I realize that I am somewhat inconsistent when it comes to my ratings and reviews.  Sometimes I like the food but the service or some other element is off, which lowers my opinion.  Occasionally I can’t make up my mind based on one dining experience, so I don’t even attempt a numeric rating.  There are times when the food is good but not everything is consistently great, yet the overall experience leaves me with a high opinion. The actions or inactions of a server can definitely make a difference, and  the reactions of my companions can  sway me to the negative or the positive.  You see where I’m going with this?  It just depends.

I am at District Commons for a holiday party.  We are with a group of twenty-seven people, so there is plenty of opportunity to take the reactions of others into consideration when forming my impression. It also affords me the chance to sample more dishes than I normally would, which is always a good thing.

District Commons is an American tavern brought to Foggy Bottom by Jeff Tunks of Passion Food Group (Acadiana, Ceiba, DC Coast, Burger, Tap & Shake, and PassionFish).  The ambiance is a mix of dark wood with modern touches and airy wide open spaces.  Specialties include the raw bar, flatbreads, and 99 bottles of beer on the wall.  

www.districtcommonsdc.com

We begin with hot pretzel baguettes with beer mustard butter.  It’s a nice start.  The pretzels are slightly crunchy on the outside, soft on the inside, with just the right amount of salt on top. I’m pacing myself so I only have a small taste of the butter.  It is difficult to resist going back for thirds.  (I go back for seconds immediately).

Two types of flatbreads are delivered to the table.  One is Benton smoked bacon, vidalia onions, and Vermont creamery fromage blanc.

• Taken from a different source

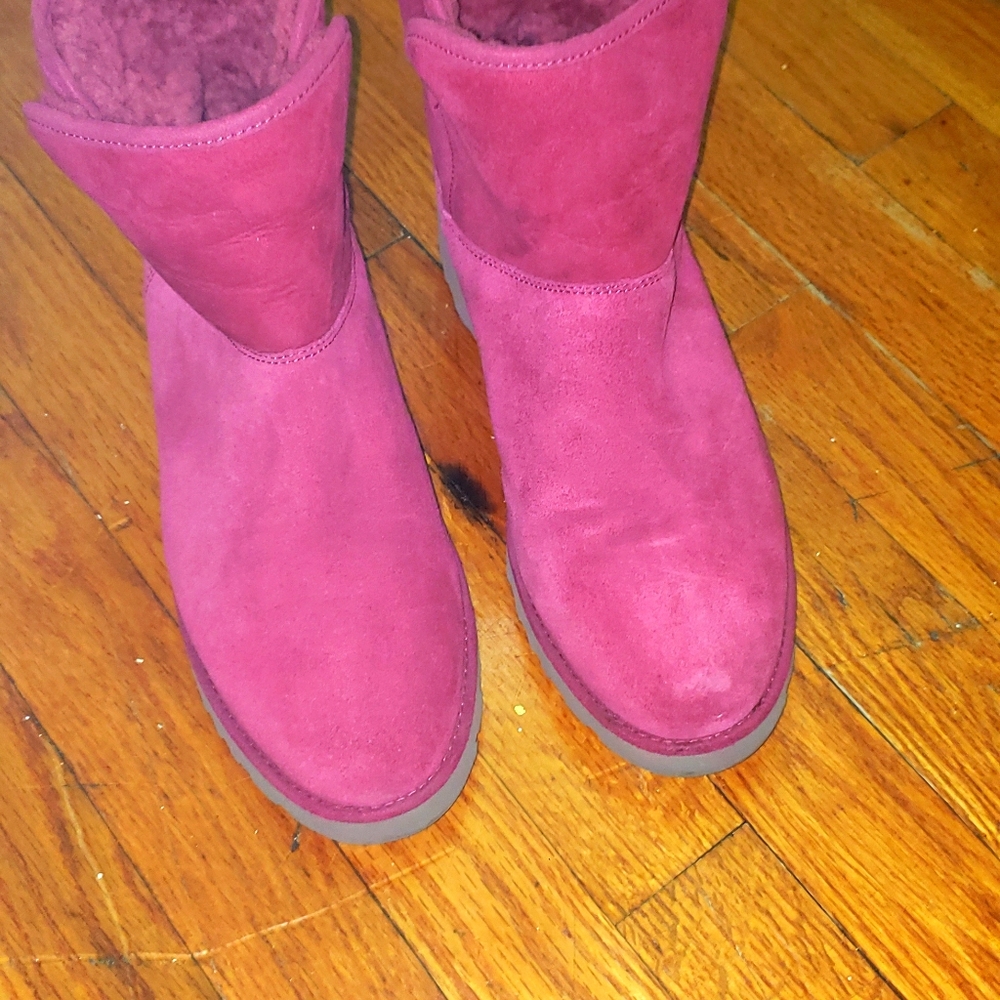 Ugg  boots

The second flatbread is smoked salmon with lemon and dill mascarpone.  It’s a toss up in terms of what I like best.  You can’t go wrong with some good smoked bacon.  But the smoked salmon flatbread has a cracker-thin crust and some flecks of hard-boiled egg on top that makes this a perfect breakfast for dinner dish.  There are also oysters and two servings of “The Pig Board.”  I am not an expert on ham. I take a taste and am sure that as ham goes this is good stuff.

The server for our table of thirteen is highly competent. He has a reverence for the food which I find endearing. The food is not complicated, but there are some inventive twists and it is helpful to get some advice. Someone at the table refers to the server as “appropriately anticipatory.” What a great term. I wish I had thought of it.

I order roasted duck “Low & Slow” with wild rice-sweet potato hash, and sorghum chili glaze.  I must admit that this is one of those occasions when I love the starters but my main course falls a little flat. The duck is a tad overcooked and the flavor of the chili glaze is difficult to detect.  Two other guests are expressing similar sentiments.

District Commons roasted duck

Why is this not phasing me?  I am surrounded by happy diners.  My husband has North Carolina mountain trout with broccolini, pine nuts, and citrus burnt butter.  He likes that the citrus doesn’t overpower the flavor of the fish.  He also admires the varying textures of the dish- the firm broccolini paired with the crunchy pinenuts.

District Commons mountain trout

There are heaps of praise and smiles all around for the pork chop and the shrimp and grits.

District Commons pork chop

At some point during the meal the server is told that we have a time constraint.  We are heading to see Jersey Boys at the National Theatre. He tells us that the cast regularly dines at District Commons before their performances.  Moments later two cast members are saying hello to our group, including one of the leads. He is adorable. He asks where we are sitting and says he’ll be singing to us.  Count me in as charmed!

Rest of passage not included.